Would you reproduce exactly the lines below from the one holding "1FMCU9GD9HUE11122 Ford ESCAPE SE" through the one holding "Thumbnail: 2023 Ford Escape - 2", inclusive, and no others?

**DATA SHOWN:**
=== Begin Enclosure ===

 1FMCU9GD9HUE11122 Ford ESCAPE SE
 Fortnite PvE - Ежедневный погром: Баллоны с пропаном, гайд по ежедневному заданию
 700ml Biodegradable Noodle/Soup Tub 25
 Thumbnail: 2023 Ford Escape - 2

=== End Enclosure ===
=== Begin Enclosure ===

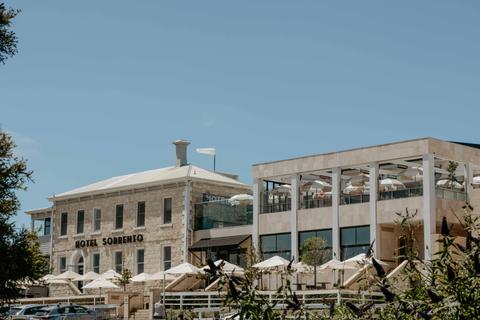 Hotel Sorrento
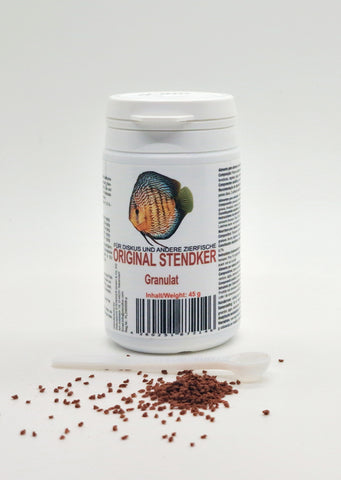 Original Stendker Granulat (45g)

=== End Enclosure ===
=== Begin Enclosure ===

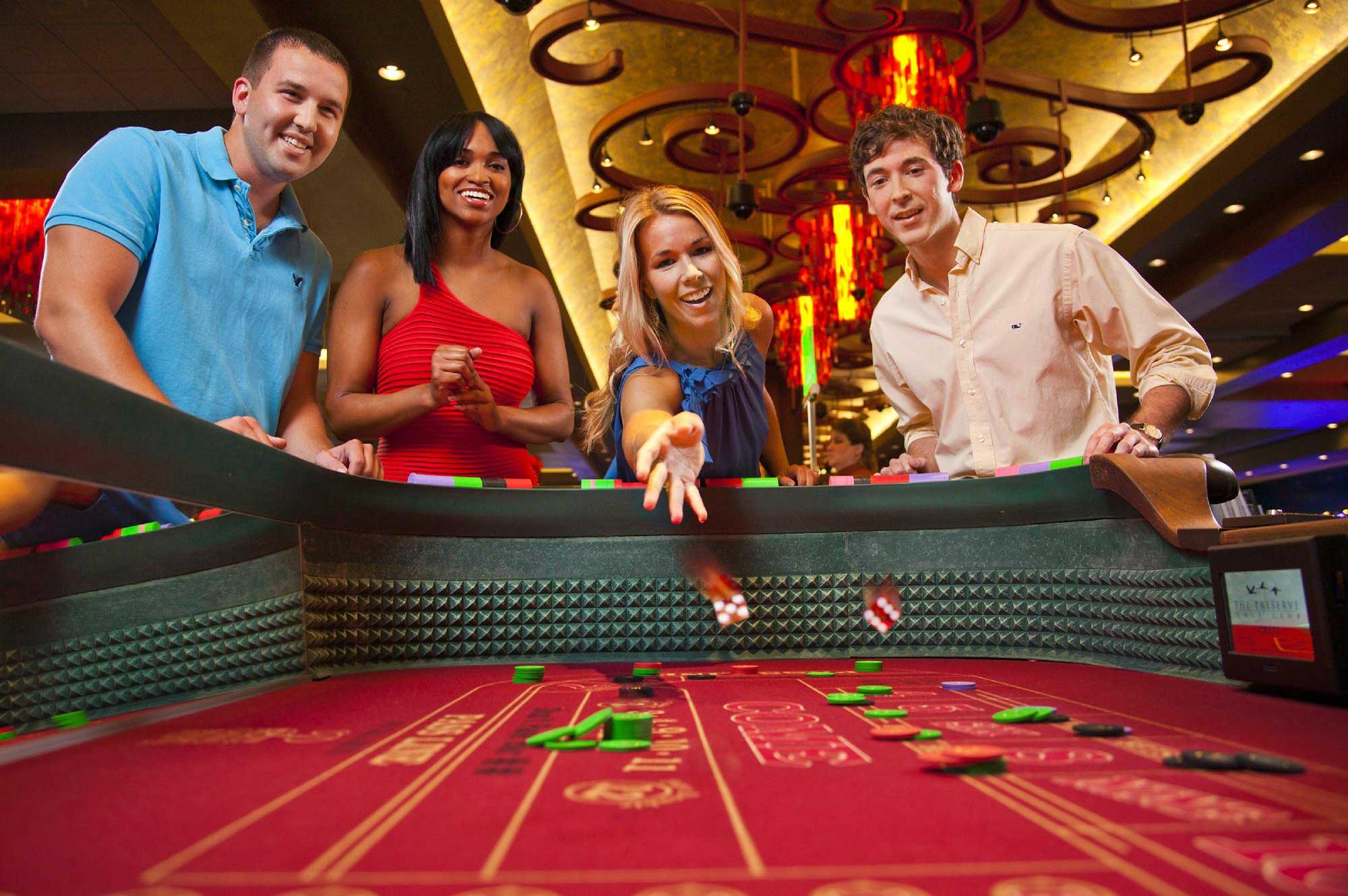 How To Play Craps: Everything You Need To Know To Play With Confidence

=== End Enclosure ===

**RESPONSE FOR THIS EXERCISE:**
 1FMCU9GD9HUE11122 Ford ESCAPE SE
 Fortnite PvE - Ежедневный погром: Баллоны с пропаном, гайд по ежедневному заданию
 700ml Biodegradable Noodle/Soup Tub 25
 Thumbnail: 2023 Ford Escape - 2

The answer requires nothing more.